Amazon S3 - AWS Prescriptive Guidance

Amazon S3

You can use Amazon S3 to store and retrieve any amount of data, at any time. You can use Amazon S3 as your durable store for your application data and file-level backup and restore processes. For example, you can copy your database backups from a database instance to Amazon S3 with a backup script using the AWS CLI or SDKs.

AWS services use Amazon S3 for highly durable and reliable storage, as in the following examples:

  • Amazon EC2 uses Amazon S3 to store Amazon EBS snapshots for EBS volumes and for EC2 instance stores.

  • Storage Gateway integrates with Amazon S3 to provide on-premises environments with Amazon S3–backed file shares, volumes, and tape libraries.

  • Amazon RDS uses Amazon S3 for database snapshots.

Many third-party backup solutions also use Amazon S3. For example, Arcserve Unified Data Protection supports Amazon S3 for durable backup of on-premises and cloud-native servers.
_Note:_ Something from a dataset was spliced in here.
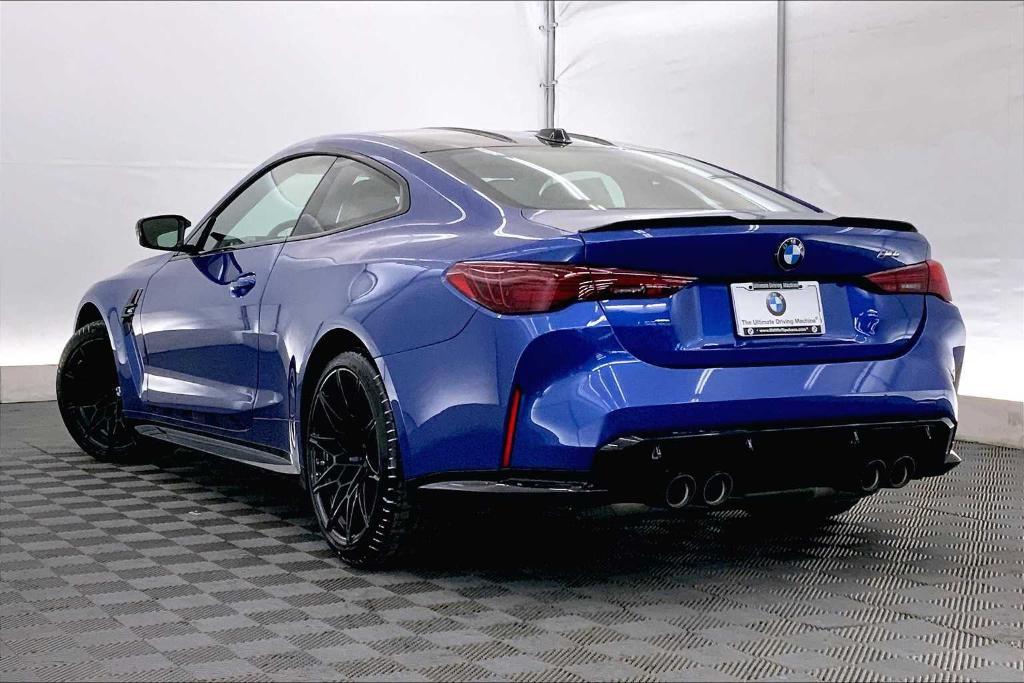 new 2025 BMW M4 car, priced at $85,735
You can use the Amazon S3–integrated features of these services to simplify your backup and recovery approach. At the same time, you can benefit from the high durability and availability provided by Amazon S3.

Amazon S3 stores data as objects within resources called buckets. You can store as many objects as you want in a bucket. You can write, read, and delete objects in your bucket with fine-grained access control. Single objects can be up to 5 TB in size.

Amazon S3 offers a range of storage classes designed for different use cases, including the following classes:

  • S3 Standard for general-purpose storage of frequently accessed data (for example, configuration files, unplanned backups, daily backups).

  • S3 Standard-IA for long-lived, but less frequently accessed data (for example, monthly backups). IA stands for infrequent access.

Amazon S3 offers lifecycle policies that you can configure to manage your data throughout its lifecycle. After a policy is set, your data will be migrated to the appropriate storage class without any changes to your application. For more information, see the Amazon S3 object lifecycle management documentation.

To reduce your costs for backup, use a tiered storage class approach based on your recovery time objective (RTO) and recovery point objective (RPO), as in the following example:

  • Daily backups for the past 2 weeks using S3 Standard

  • Weekly backups for the past 3 months using S3 Standard-IA

  • Quarterly backups for the past year on S3 Glacier Flexible Retrieval

  • Yearly backups for the past 5 years on S3 Glacier Deep Archive

  • Backups deleted from S3 Glacier Deep Archive after the 5-year mark

You can automate the transition of your backups by using object lifecycle management.

Creating standard S3 buckets for backup and archive

You can create a standard S3 bucket for backup and archive with your corporation’s backup and retention policy implemented through S3 lifecycle policies. Cost allocation tagging and reporting for AWS billing is based on the tags assigned at the bucket level. If cost allocation is important, create separate backup and archive S3 buckets for each project or business unit so that you can allocate costs accordingly.

Your backup scripts and applications can use the backup and archive S3 bucket that you create to store point-in-time snapshots for application and workload data. You can create a standard s3 prefix to help you organize your point-in-time data snapshots. For example, if you create hourly backups, consider using a backup prefix such as YYYY/MM/DD/HH/<WorkloadName>/<files...>. By doing this, you can quickly retrieve your point-in-time backups manually or programmatically.

Using Amazon S3 versioning to automatically maintain rollback history

You can enable S3 object versioning to maintain a history of object changes, including the ability to revert to a previous version. This is useful for configuration files and other objects that might change more frequently than your point-in-time backup schedule. It’s also useful for files that must be reverted individually.

Using Amazon S3 to back up and recover customized configuration files for AMIs

Amazon S3 with object versioning can become your system of record for your workload configuration and option files. For example, you might use a standard AWS Marketplace Amazon EC2 image that is maintained by an ISV. This image might contain software whose configuration is maintained in a number of configuration files. You can maintain your customized configuration files in Amazon S3. When your instance is launched, you can copy these configuration files to your instance as a part of your instance user data. When you apply this approach, you don’t need to customize and recreate an AMI to use an updated version.

Using Amazon S3 in your custom backup and restore process

Amazon S3 provides a general-purpose backup store that you can quickly integrate into your existing custom backup processes. You can use the AWS CLI, AWS SDKs, and API operations to integrate your backup and restore scripts and processes that use Amazon S3. For example, you might have a database backup script that performs nightly database exports. You can customize this script to copy your nightly backups to Amazon S3 for offsite storage. See the Batch upload files to the cloud tutorial for an overview of how to do this.

You can take a similar approach for exporting and backing up data for different applications based on their individual RPO. Additionally, you can use AWS Systems Manager to run your backup scripts on your managed instances. Systems Manager provides automation, access control, scheduling, logging, and notification for your individual backup processes.